PARIS (Reuters) - Film star Gerard Depardieu denied that he was leaving his homeland for tax reasons on Monday, saying that, although he now had a Russian passport, he was still very much French.
In an interview with sports channel L'Equipe 21 - his first since a row broke out in December over his decision to buy a house over the border in Belgium - Depardieu said that if he had wanted to leave to avoid tax hikes he would have gone earlier.
"I have a Russian passport, but I remain French and I will probably have dual Belgian nationality.
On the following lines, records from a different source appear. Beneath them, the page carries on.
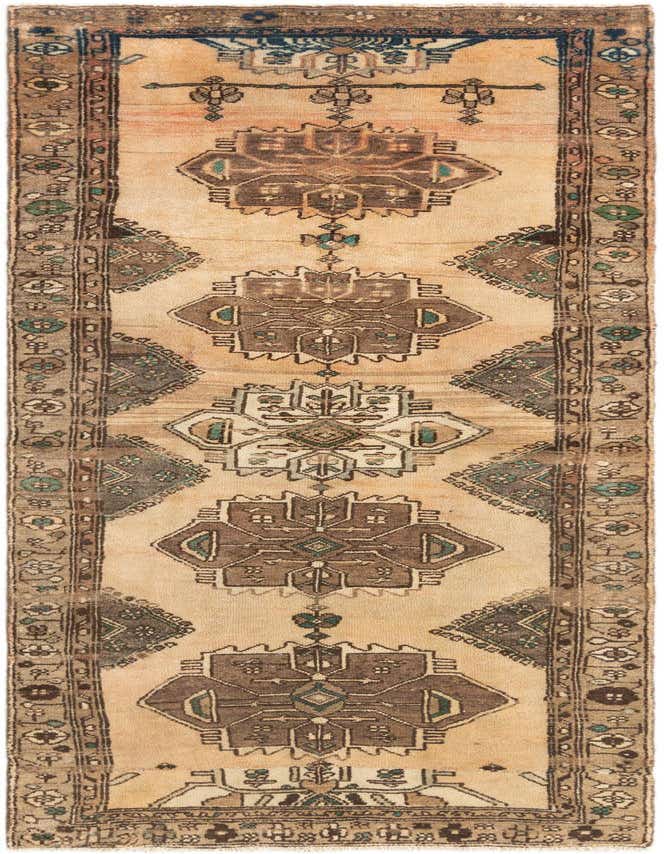 A handmade 8 ft Hamedan runner rug in browns, tans, and ivories, featuring traditional tribal patterns.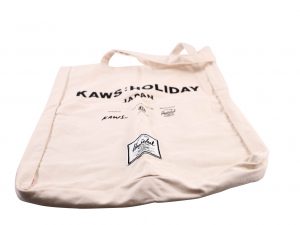 Lot #14402 – KAWS Holiday Japan Herschel Tote Bag Japan Only Various [tag]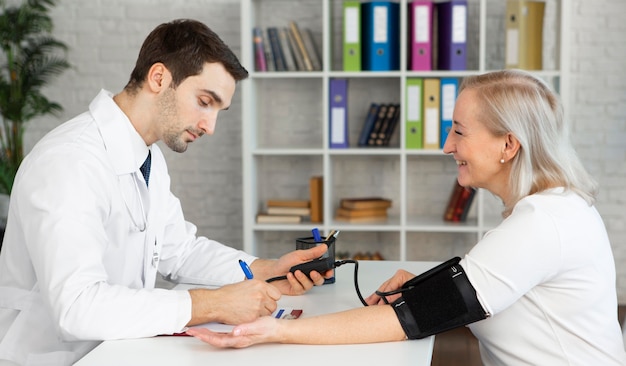 Free photo medium shot doctor taking blood pressure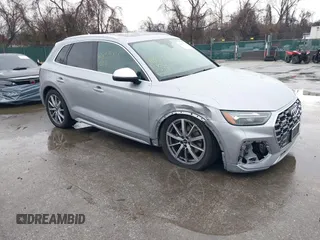 2023 Audi SQ5 Premium Plus z VIN WA1B4AFY9P2195394, wystawiony jako IAAI lot #41855818 z przebiegiem 25 946 mil mil oraz . Historia ofert i sprzedaży dostępna na DreamBid. Obrazek 1.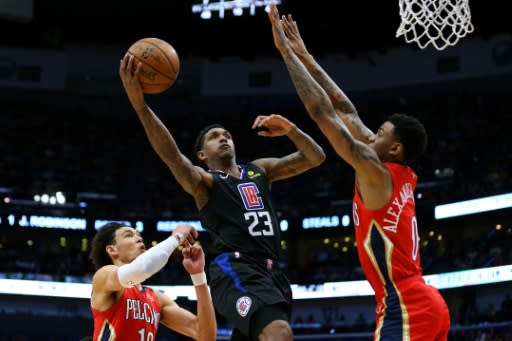 Lou Williams of the LA Clippers shoots against Nickeil Alexander-Walker in a 133-130 NBA victory over the New Orleans Pelicans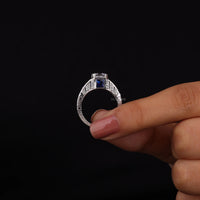 Silver ring with a blue gemstone held between fingers against a black background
But if I'd wanted to escape the taxman, as the French press say, I would have done it a long time ago," he said.
Depardieu was speaking in Zurich on the sidelines of a football awards ceremony after receiving a new Russian passport on Sunday from President Vladimir Putin.
The 63-year-old star of "Cyrano de Bergerac" and "Green Card" has been accused by French government leaders of trying to dodge a proposed new tax rate for millionaires.
But in a letter last month to Prime Minister Jean-Marc Ayrault, who labelled the actor "pathetic", Depardieu said he was leaving because success was now being punished in France.
Hollande's original proposal to introduce a 75 percent rate on income over 1 million euros ($1.31 million) was struck down by France's Constitutional Court.
While he has said he will press ahead with a tax on the wealthy, it remains unclear whether the redrafted text will be as severe on top earners.